First of all, when I hear that from folks who presided over a doubling of the national debt, then, you know, I just want them to not engage in some revisionist history. I inherited the deficit that we have right now and the economic crisis that we have right now.
There may be some lonely back bencher (Ron Paul) who may want to “sit back and do nothing” about the economic crisis but to try and say that this opinion is even a minority opinion in the GOP is a lie and he knows it. And this is even worse:
Number two is that, although there are some programs in there that I think are good policy, some of them aren’t job-creators. I think it’s perfectly legitimate to say that those programs should be out of this particular recovery package and we can deal with them later.
But when they start characterizing this as pork, without acknowledging that there are no earmarks in this package — something, again, that was pretty rare over the last eight years — then you get a feeling that maybe we’re playing politics instead of actually trying to solve problems for the American people.

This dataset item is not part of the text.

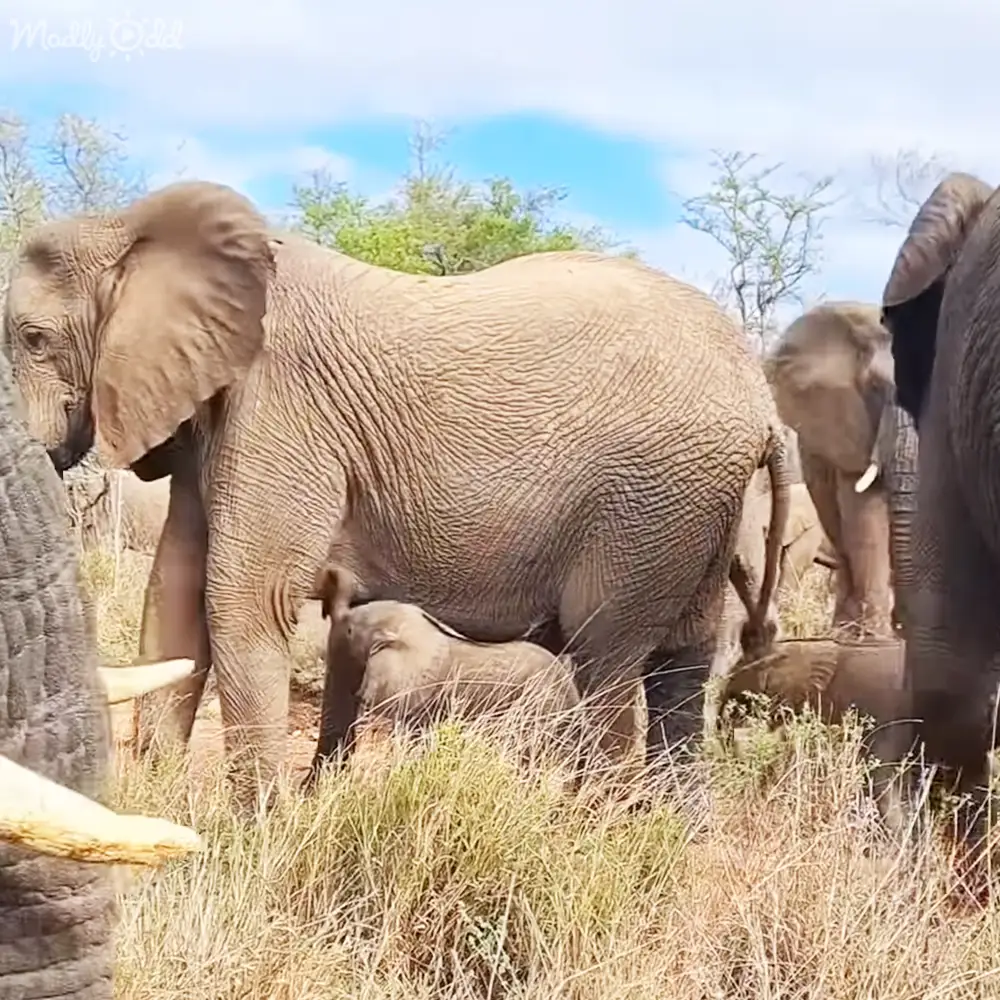 Multiple elephants in a savanna setting, one adult elephant prominently interacting with something on the ground while a baby elephant seeks comfort nearby under partly cloudy sky.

I’m sorry but $4.2 billion for “neighborhood stabilization activities” - much if which would go to ACORN and other partisan Democratic organizations smacks of a Hugo Chavez type of political program where organizing people at the neighborhood level, getting them dependent on those government programs earmarked for the purpose, and then when election day rolls around, actually paying ACORN and their sister organizations to get the grateful citizens to the polls would cement the Democratic majority in many states where big cities make up a sizable segment of the vote.
Here are 49 other “destimulating facts” about the bill (many of which I agree with Obama should be included but many others we can clearly do without).
It’s not that we expected the press to challenge Obama and ask him tough questions. There’s no opportunity for follow-up and the president calls on the reporters like a teacher calling on students in class. The modern presidential press conference has become a drama starring the President of the United States and featuring recognizable talking heads from the various networks, bit players from the dead tree media, and a cast of hundreds of extras. It is a political speech disguised as a press conference and the transparent willingness of the press to play their designated roll was nauseating.
No questions about Gitmo? What about Obama’s keeping some Bush era policies on rendition and the Terrorist Surveillance Program? Poor Glenn Greenwald has his panties in a twist because Obama won’t let the terrorists free in downtown Washington with an apology for inconveniencing their jihad by incarcerating them for a few years.
The fact is, there was not one question that discomfited him, not one challenge to a decision he has made. No questions about his cabinet picks who have backed out or his breaking his pledge not to put lobbyists in positions where they would have jurisdiction over the areas where they lobbied, or any questions on breaking his promise to wait 5 days before signing a bill into law in order to get feedback from his adoring public.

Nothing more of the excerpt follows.